Instead of eagerly seizing the constitutional issue, we should remand for a determination by the sentencing court whether Sours by pleading guilty has deliberately bypassed orderly state procedures1 and only after a determination that he has not, should we address the far reaching federal constitutional question.
Turning to the constitutional issue, it was the framers’ intent2 that the Fifth Amendment embody the common law’s double jeopardy protection against a defendant’s reprosecution following conviction or acquittal upon a criminal charge.3 See Brown v. Ohio, 432 U.S. 161, 165, 97 S.Ct. 2221, 2225, 53 L.Ed.2d 187 (1977); United States v. Wilson, 420 U.S. 332, 340-342, 95 S.Ct. 1013, 1020-1021, 43 L.Ed.2d 232 (1975). James Madison tendered the original draft of the Fifth Amendment,4 later amended to its present form, midst concern that a defendant’s right to new trial not be abridged by a conviction erroneously obtained. See Wilson, id. citing I Annals of Congress 753 (1789). At the time of adoption the limited number of common law felonies, e. g., rape, robbery, murder, arson and burglary allowed for ready application and more certain protection for criminal defendants under the double jeopardy clause. Today, given the proliferation of complex statutory crimes, it is recognized that the doctrine’s *609original scope cannot provide complete and certain answers in many cases. Nevertheless in the constitutional construction process, we are guided by the purposes and policies underlying the constitutional protections afforded by the framers and those who ratified our Bill of Rights.

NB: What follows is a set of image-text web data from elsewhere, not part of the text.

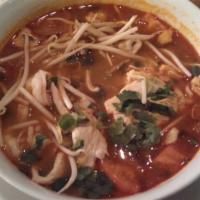 Tom Yum Noodle Soup · Rice noodles in Thai style hot and sour coconut soup with chicken, shrimp, lemongrass, tomat...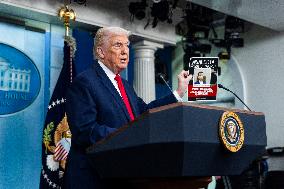 US President Trump speaks on to reporters ahead of trip to Davos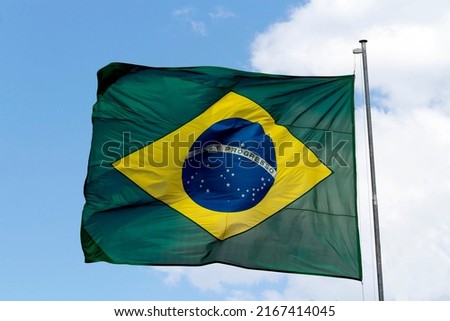 Brazilian flag flying in the wind. Translation: order and progress.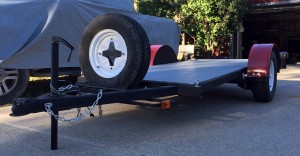 Profile shows off black frame and red fenders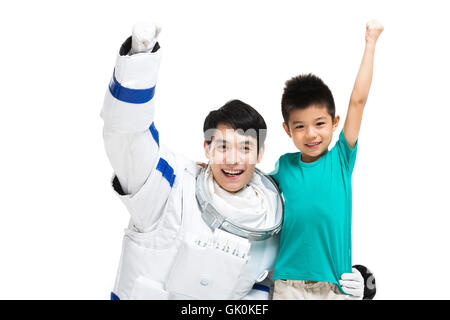 Studio shot astronautes et le petit garçon Banque D'Images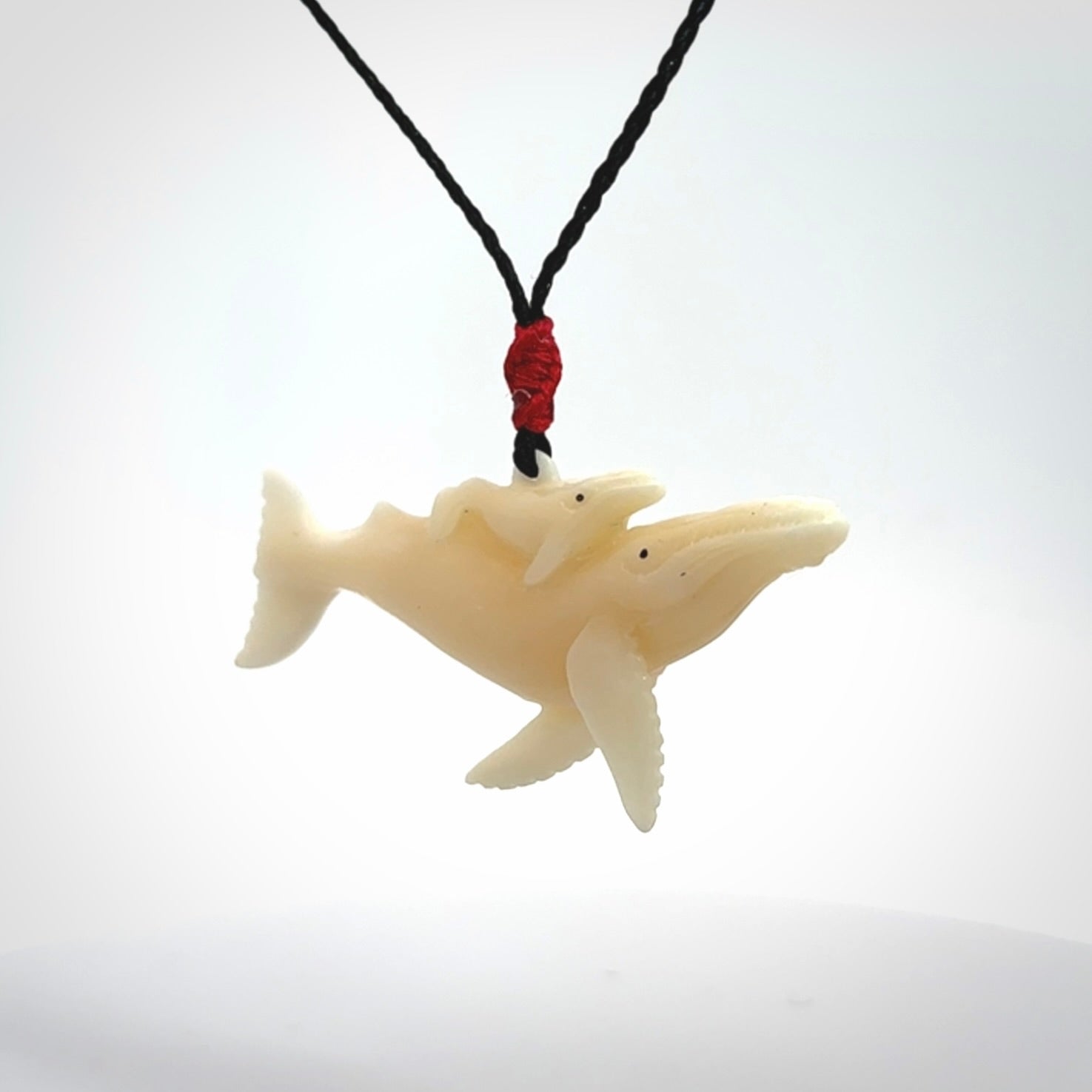 Hand carved bone whale and whale calf pendant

The fountainhead of that aspect of double jeopardy jurisprudence described as the double punishment doctrine appears to be Ex parte Lange, 85 U.S. (18 Wall.) 163, 21 L.Ed. 872 (1873). There the sentencing court exceeded the legislative authorization for punishment of a statutory crime. Defendant was convicted of stealing post office property for which the statutes provided as punishment, imprisonment for not more than one year or a fine of $10 to $200. The court however sentenced Lange to one year’s imprisonment and a fine of $200. It was in that context of the trial court having exceeded its statutory authority that the double punishment doctrine had its origins. On review, the Court was concerned with the trial court having exceeded the legislative authorization not the legislature’s constitutional authority to proscribe certain acts as crimes and prescribe punishment therefore. The Court at 176 stated:
We are of opinion that when the prisoner, as in this case, by reason of a valid judgment, had fully suffered one of the alternative punishments to which alone the law subjected him, the power of the court to punish further was gone. That the principle we have discussed then interposed its shield, and forbid that he should be punished again for that offense. (Emphasis added.)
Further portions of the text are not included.